(DATA EXTRACT Opens)

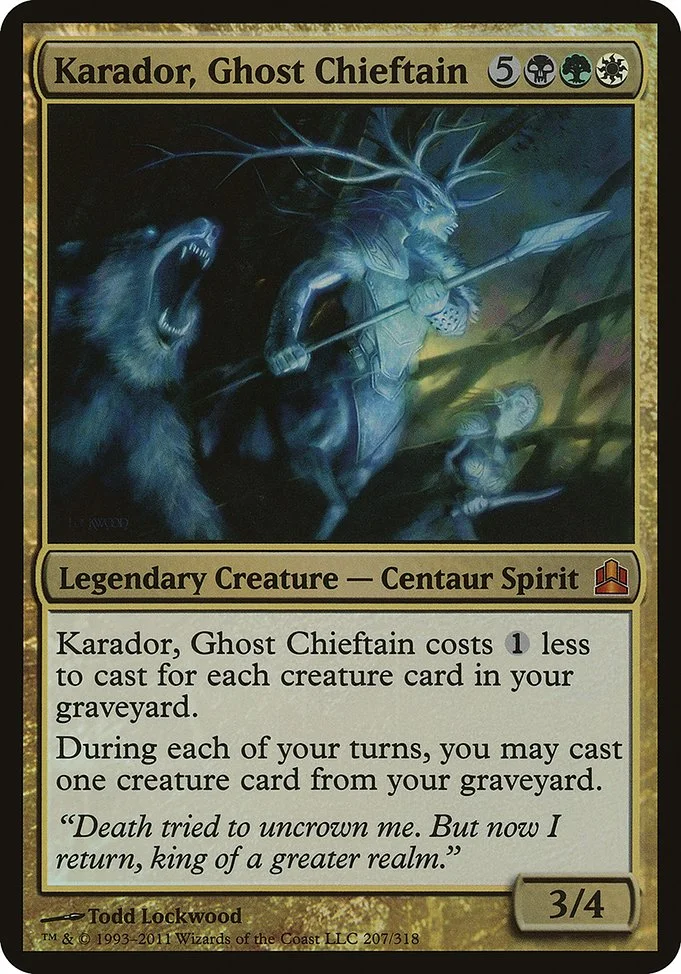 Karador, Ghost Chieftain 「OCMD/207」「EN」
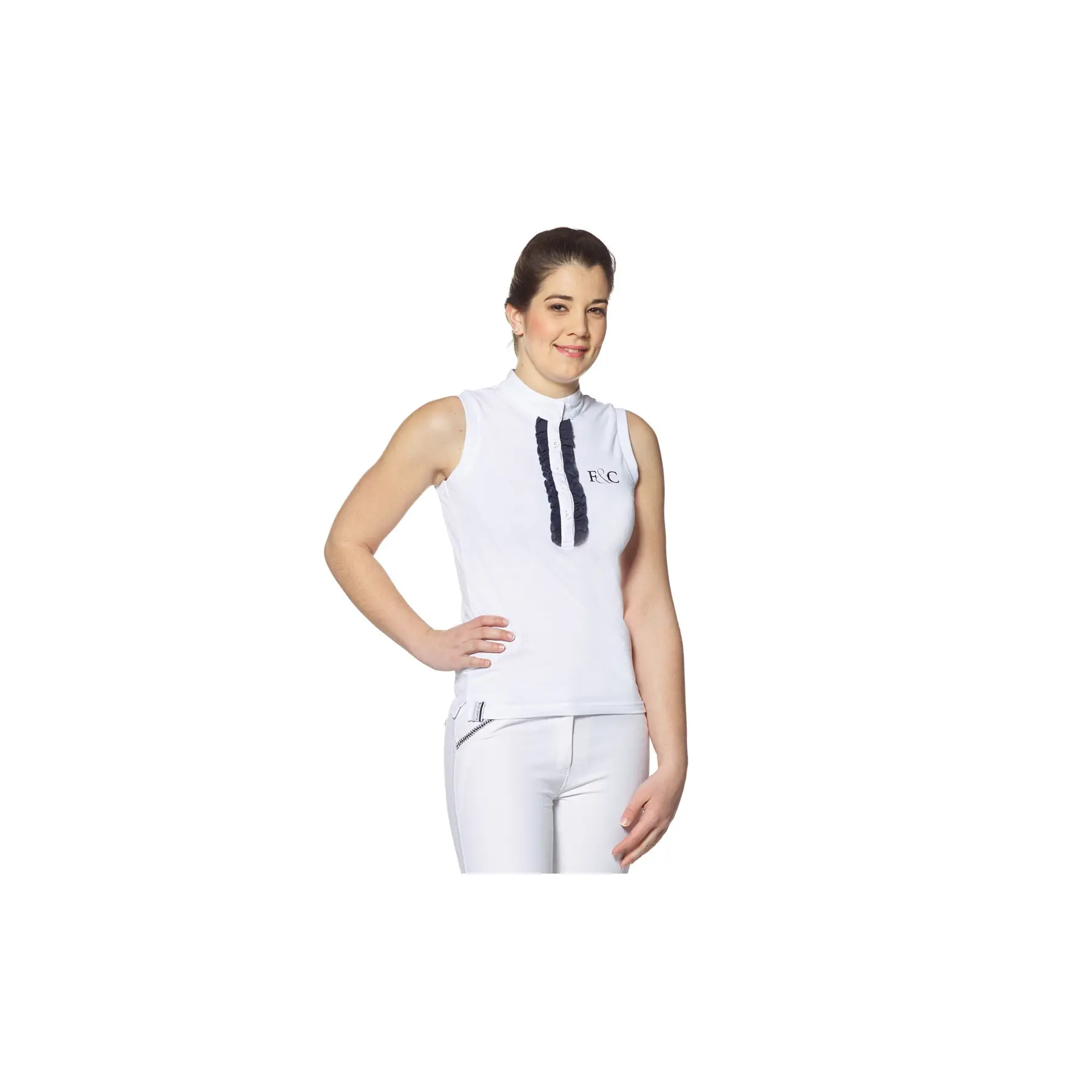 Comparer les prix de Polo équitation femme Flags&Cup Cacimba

(DATA EXTRACT Closes)
(DATA EXTRACT Opens)

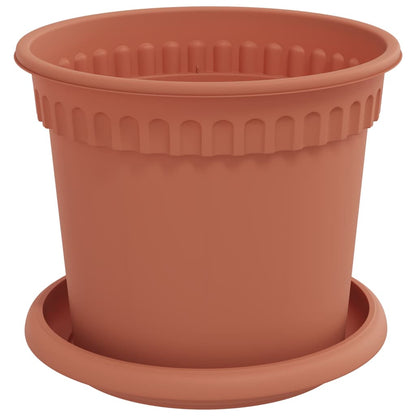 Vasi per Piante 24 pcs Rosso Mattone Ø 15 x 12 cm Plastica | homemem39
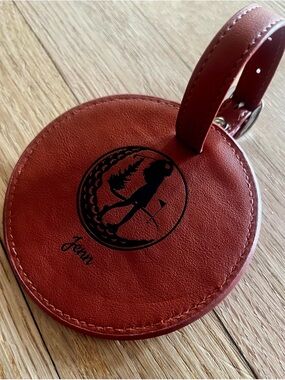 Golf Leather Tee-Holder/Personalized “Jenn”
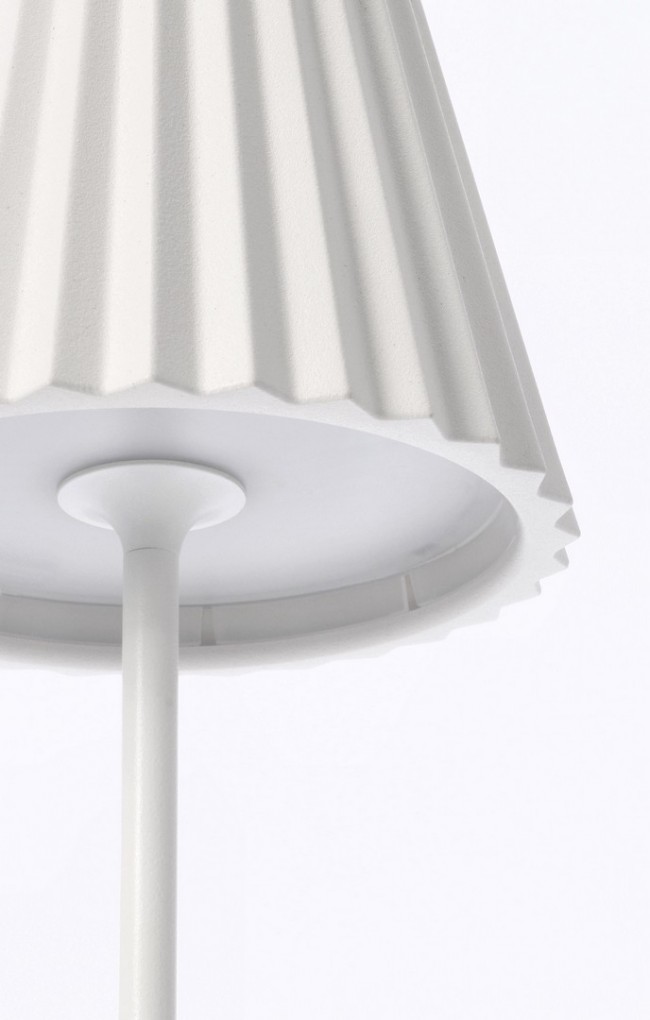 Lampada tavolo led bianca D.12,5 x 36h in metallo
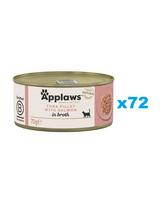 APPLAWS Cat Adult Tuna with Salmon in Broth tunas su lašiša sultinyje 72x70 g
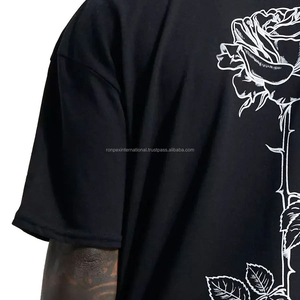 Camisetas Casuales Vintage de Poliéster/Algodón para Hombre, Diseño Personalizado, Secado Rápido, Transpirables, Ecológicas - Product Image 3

(DATA EXTRACT Closes)
(DATA EXTRACT Opens)

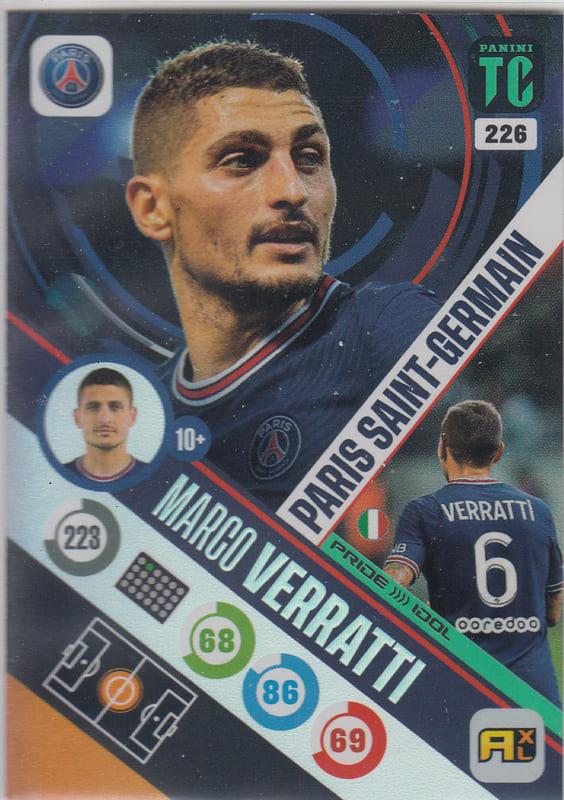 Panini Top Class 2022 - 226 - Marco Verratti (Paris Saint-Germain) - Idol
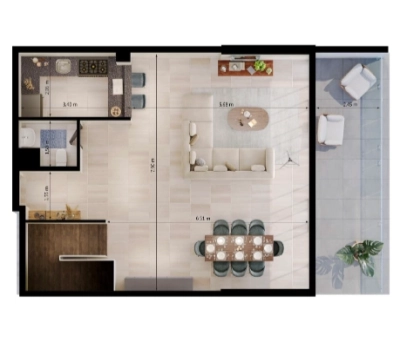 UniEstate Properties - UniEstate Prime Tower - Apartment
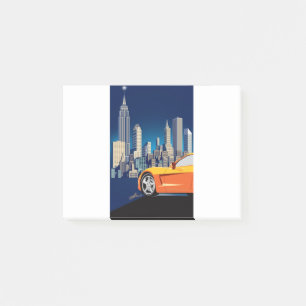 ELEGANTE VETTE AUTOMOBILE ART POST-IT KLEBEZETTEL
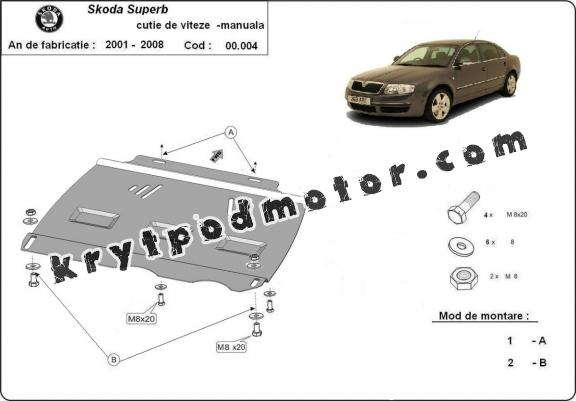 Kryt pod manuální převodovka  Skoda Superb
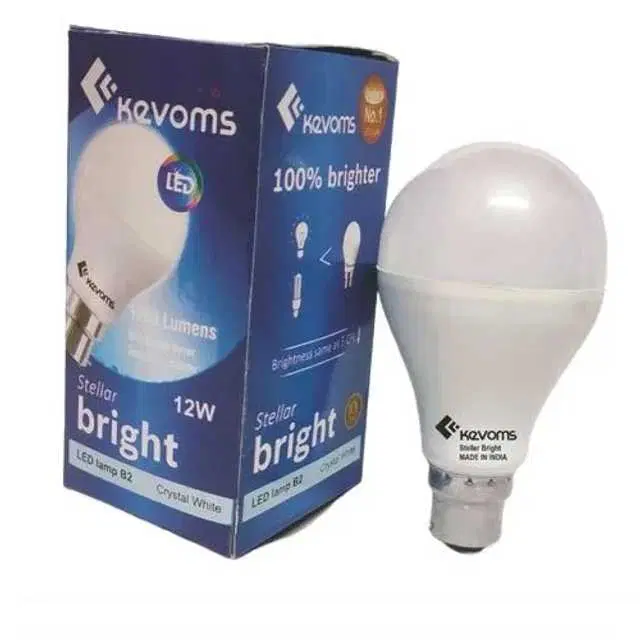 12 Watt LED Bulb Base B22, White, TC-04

(DATA EXTRACT Closes)

◆ **YOUR INSTRUCTIONS**
Word for word, repeat the lines above from the one with "UniEstate Properties - UniEstate" through the one with "12 Watt LED Bulb Base B22, White, TC-04", and nothing beyond them. Omit the pictures.

◆ **SOLUTION TO THE EXERCISE**
 UniEstate Properties - UniEstate Prime Tower - Apartment
 ELEGANTE VETTE AUTOMOBILE ART POST-IT KLEBEZETTEL
 Kryt pod manuální převodovka  Skoda Superb
 12 Watt LED Bulb Base B22, White, TC-04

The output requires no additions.